Please, in the end of any COSMOPIER page you can find my e-mail, feel free send me more informations, when thou judgest relevant.
regards
pierson
Hi Pierson –
The impactites Schulz’s team found were bediasites, the whole given in the back and forth of the NATURE articles. The bediasites found had several geological ages, from multiple impacts, including the last tangential one. Thus the reinvestigation of the data led to a new impact discovery!
They found no impact brecias at that time, as near as I can remember, but I’d have to go back and look at the articles. I don’t know what all has been found there at Rio Cuarto recently, and you would know more about that than I would.
There may be people/laboraties on the meteorite list that would be willing to help you with getting isotopic melt dates for your melt brecia samples.
What ever happened to Oscar Turone?
HI EP
Often the information that I receive are found by the general public in magazines or on the web. But keep some personal contacts with researchers. Yes I saw the article in Nature. And sometimes it is impossible to follow. If you have an article, a link, send me.
Last month I kept in touch with Oscar Turone, he is in Argentina. He promised to send me a sample of Chapadmalal and Chasicó impactites, but until now still not arrived, they may have been lost along the way.
The Argentines decided whom no meteorite should leave from the national territory, if any, it will be considered contraband, theft, punishable by imprisonment. Who knows if “my” impactite was intercepted? Or “confiscated” in Brazil? The bureaucracy here is also great for the output of any sample of Brazilian minerals.They are heavy identified and receive a seal, rocks of no commercial value, before putting them in the mail. In general, two days of work in public agencies, if employees are available, not in the field..
At moment I’m very curious about the increase of iridium research and prehistoric rock arts in Britain. Does it meet impactites there? And the palaeolagoons, some stratigraphy?
http://www.rock-art-in-wales.co.uk/top/database.html
regards
pierson
Hello for all
The prehistoric records on Barclodiad y Gawres are my favorites.
http://www.rock-art-in-wales.co.uk/database/welsh-rock-art-barclodiad-y-gawres.html
The lagoons and scarring in the region are also consistent with a cosmic event, is what I suspect.
http://maps.google.com/maps?hl=pt-BR&ll=53.225189,-4.456698&spn=0.009879,0.013905&t=h&z=16
regards
pierson
Hi Pierson –
I am glad to hear Oscar Turone is still active in the field.
The language in the Nature correspondence was pretty dense, and in academic Englsh, and I don’t know if it was ever published in Spanish or Portugese.

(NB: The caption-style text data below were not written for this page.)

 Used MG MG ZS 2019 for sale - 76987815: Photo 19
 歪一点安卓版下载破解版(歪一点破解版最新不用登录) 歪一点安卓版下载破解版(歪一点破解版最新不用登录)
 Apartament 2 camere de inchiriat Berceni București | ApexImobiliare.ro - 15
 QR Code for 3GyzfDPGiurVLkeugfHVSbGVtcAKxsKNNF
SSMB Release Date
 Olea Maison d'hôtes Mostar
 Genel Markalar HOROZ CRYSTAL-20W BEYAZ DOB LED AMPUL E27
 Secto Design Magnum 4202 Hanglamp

If you look up Schulz’s co-authors, maybe one of them could help you with both translations and current work.
Send a request to the meteorite list, as the laboratories may be able to help you with your mailing problems.

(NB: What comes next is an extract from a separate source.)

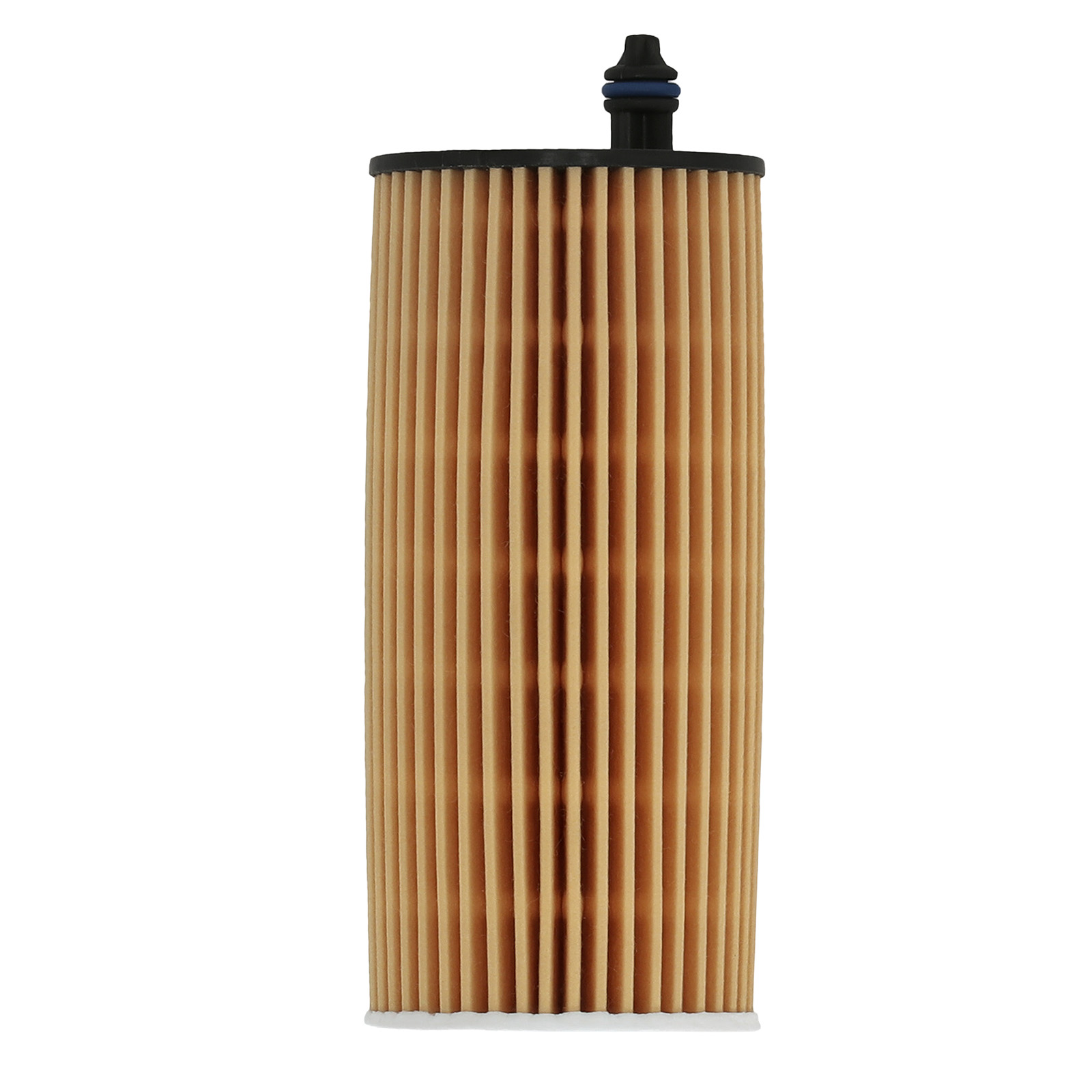 Oil Filter for BMW 230i xDrive 430i xDrive 2017-2020 OX8132D E362HD313 HU60141z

We need a replacement for the Cambridge Conference as a rapid international clearing house for impact research and news.
Pierson –
You might like the 360° panoramic views of Barclodiad y Gawres:
http://www.megalithics.com/wales/barclody/barcpjs.htm
If you pick on the blue spheres in the right window, you can get a different 360° panorama in the left window.
Hi Steve
Yes, very good! The bas-relief with the (possible record of) plasma jets is right at the entrance.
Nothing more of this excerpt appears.